For $m$ training examples, the cost function is the average:

$J(w,b) = -\frac{1}{m} \sum_{i=1}^{m} [y^{(i)} \cdot \log(\hat{y}^{(i)}) + (1-y^{(i)}) \cdot \log(1-\hat{y}^{(i)})]$

Where:

$y \in \{0, 1\}$ is the true label
$\hat{y} = \sigma(z)$ is the predicted probability
$z = w^T x + b$ is the linear combination
$\sigma(z) = \frac{1}{1 + e^{-z}}$ is the sigmoid function

2. The Forward Pass

$z = w^T x + b$

$\hat{y} = \sigma(z) = \frac{1}{1 + e^{-z}}$

3. Derivative of Sigmoid

First, let’s derive the sigmoid derivative (we’ll need this):

$\sigma(z) = \frac{1}{1 + e^{-z}}$

$\frac{d\sigma}{dz} = \frac{d}{dz}\left[\frac{1}{1 + e^{-z}}\right]$

$= -(1 + e^{-z})^{-2} \cdot (-e^{-z})$

$= \frac{e^{-z}}{(1 + e^{-z})^2}$

$= \frac{1}{1 + e^{-z}} \cdot \frac{e^{-z}}{1 + e^{-z}}$

$= \sigma(z) \cdot [1 - \sigma(z)]$

Key result:

$\boxed{\frac{d\sigma}{dz} = \sigma(z) \cdot (1 - \sigma(z)) = \hat{y} \cdot (1 - \hat{y})}$

4. Derivative of Cost w.r.t. $\hat{y}$

Now let’s find $\frac{\partial L}{\partial \hat{y}}$ for a single example:

$L = -[y \cdot \log(\hat{y}) + (1-y) \cdot \log(1-\hat{y})]$

$\frac{\partial L}{\partial \hat{y}} = -\left[y \cdot \frac{1}{\hat{y}} + (1-y) \cdot \frac{1}{1-\hat{y}} \cdot (-1)\right]$

$= -\left[\frac{y}{\hat{y}} - \frac{1-y}{1-\hat{y}}\right]$

$= -\frac{y(1-\hat{y}) - \hat{y}(1-y)}{\hat{y}(1-\hat{y})}$

$= -\frac{y - y\hat{y} - \hat{y} + y\hat{y}}{\hat{y}(1-\hat{y})}$

$= -\frac{y - \hat{y}}{\hat{y}(1-\hat{y})}$

$= \frac{\hat{y} - y}{\hat{y}(1-\hat{y})}$

Key result:

$\boxed{\frac{\partial L}{\partial \hat{y}} = \frac{\hat{y} - y}{\hat{y}(1-\hat{y})}}$

5. Chain Rule: $\frac{\partial L}{\partial z}$

Now apply the chain rule:

$\frac{\partial L}{\partial z} = \frac{\partial L}{\partial \hat{y}} \cdot \frac{\partial \hat{y}}{\partial z}$

$= \frac{\hat{y} - y}{\hat{y}(1-\hat{y})} \cdot \hat{y}(1-\hat{y})$

$= \hat{y} - y$

This is the beautiful simplification!

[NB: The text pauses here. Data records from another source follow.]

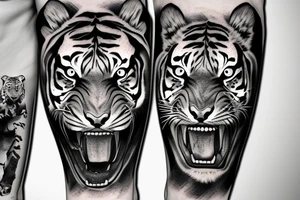 Realistic Tiger and snake in a forest or jungle tattoo idea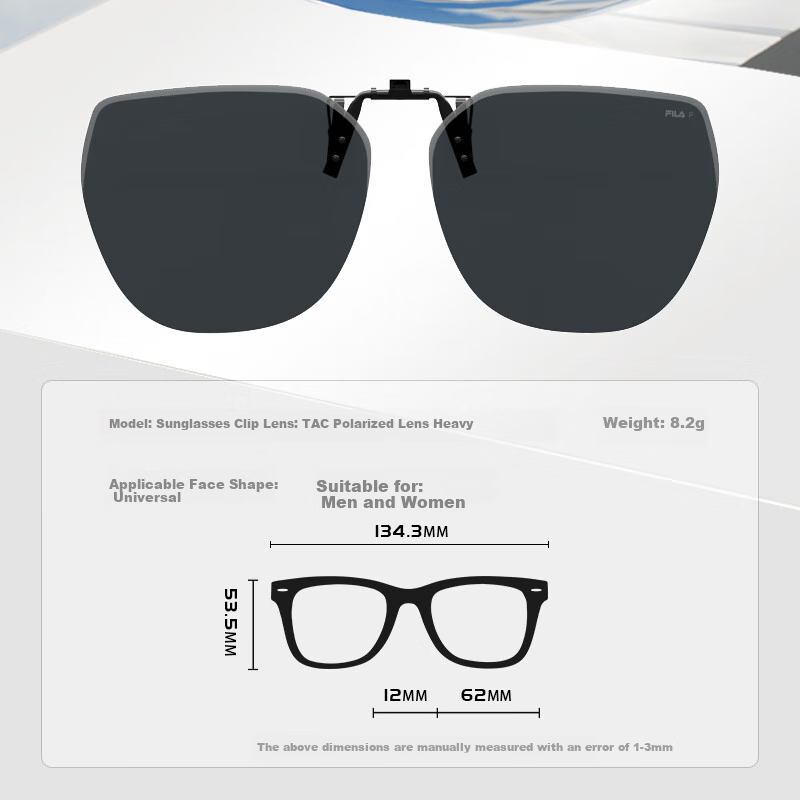 FILA Polarized Clip-on Sunglasses for Driving and Fishing Universal Clip-on Sung...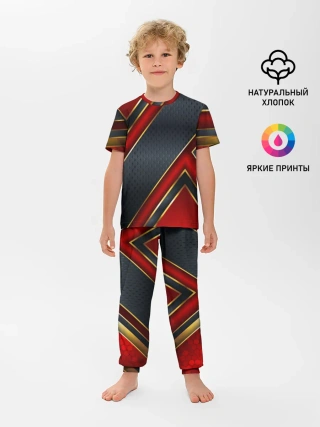 Детская пижама с брюками / Black & Red 3D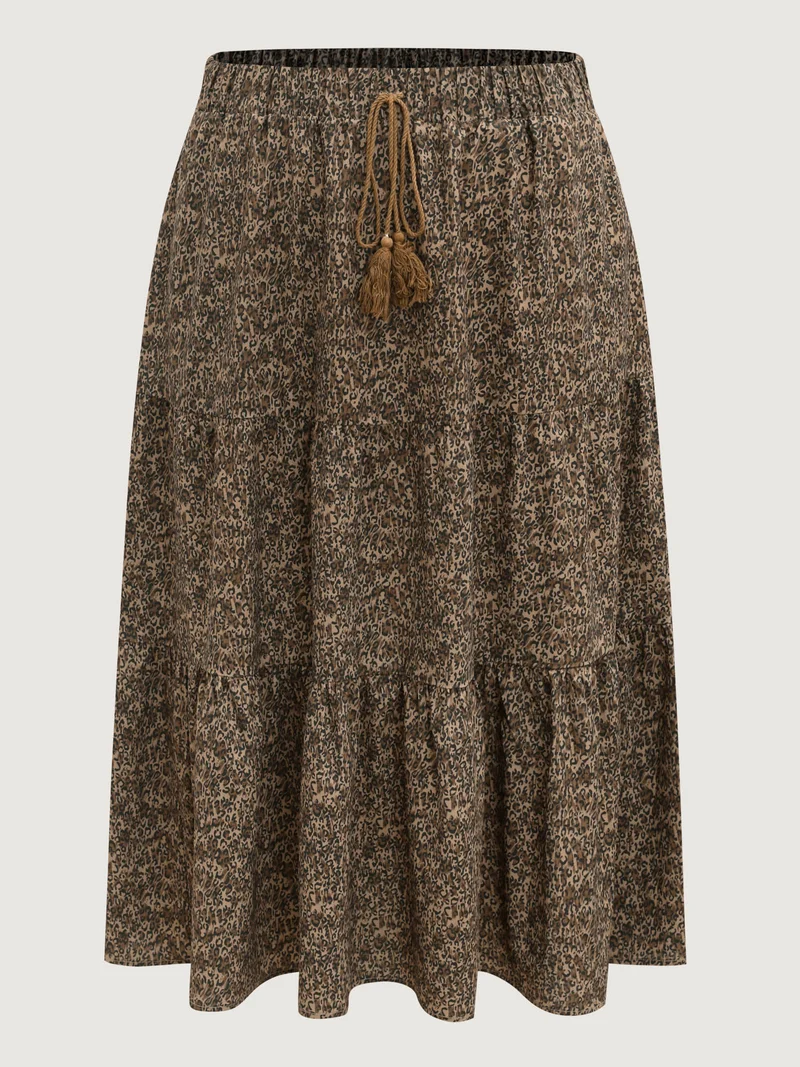 Leopard Print Tiered Midi Skirt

The $\hat{y}(1-\hat{y})$ terms cancel out perfectly.

Key result:

$\boxed{\frac{\partial L}{\partial z} = \hat{y} - y}$

6. Gradient w.r.t. Weights

Using the chain rule again:

$\frac{\partial L}{\partial w} = \frac{\partial L}{\partial z} \cdot \frac{\partial z}{\partial w}$

Since $z = w^T x + b$ , we have $\frac{\partial z}{\partial w} = x$

$\frac{\partial L}{\partial w} = (\hat{y} - y) \cdot x$

For $m$ examples:

$\frac{\partial J}{\partial w} = \frac{1}{m} \sum_{i=1}^{m} (\hat{y}^{(i)} - y^{(i)}) \cdot x^{(i)}$

$= \frac{1}{m} X^T (\hat{y} - y)$

Result:

$\boxed{dw = \frac{1}{m} X^T (\hat{y} - y)}$

7. Gradient w.r.t. Bias

Similarly:

$\frac{\partial L}{\partial b} = \frac{\partial L}{\partial z} \cdot \frac{\partial z}{\partial b}$

$= (\hat{y} - y) \cdot 1$

$= \hat{y} - y$

For $m$ examples:

$\frac{\partial J}{\partial b} = \frac{1}{m} \sum_{i=1}^{m} (\hat{y}^{(i)} - y^{(i)})$

Result:

$\boxed{db = \frac{1}{m} \sum_{i=1}^{m} (\hat{y}^{(i)} - y^{(i)})}$

Summary

The final gradient formulas are remarkably simple:

$\text{error} = \hat{y} - y$

$dw = \frac{1}{m} X^T \cdot \text{error}$

$db = \frac{1}{m} \sum \text{error}$

error = y_pred - y
dw = (1/m) * X.T @ error
db = (1/m) * np.sum(error)

The key insight is that binary cross-entropy loss paired with sigmoid activation produces this clean gradient because the derivative of the sigmoid function $\hat{y}(1-\hat{y})$ cancels with the denominator from the cross-entropy derivative.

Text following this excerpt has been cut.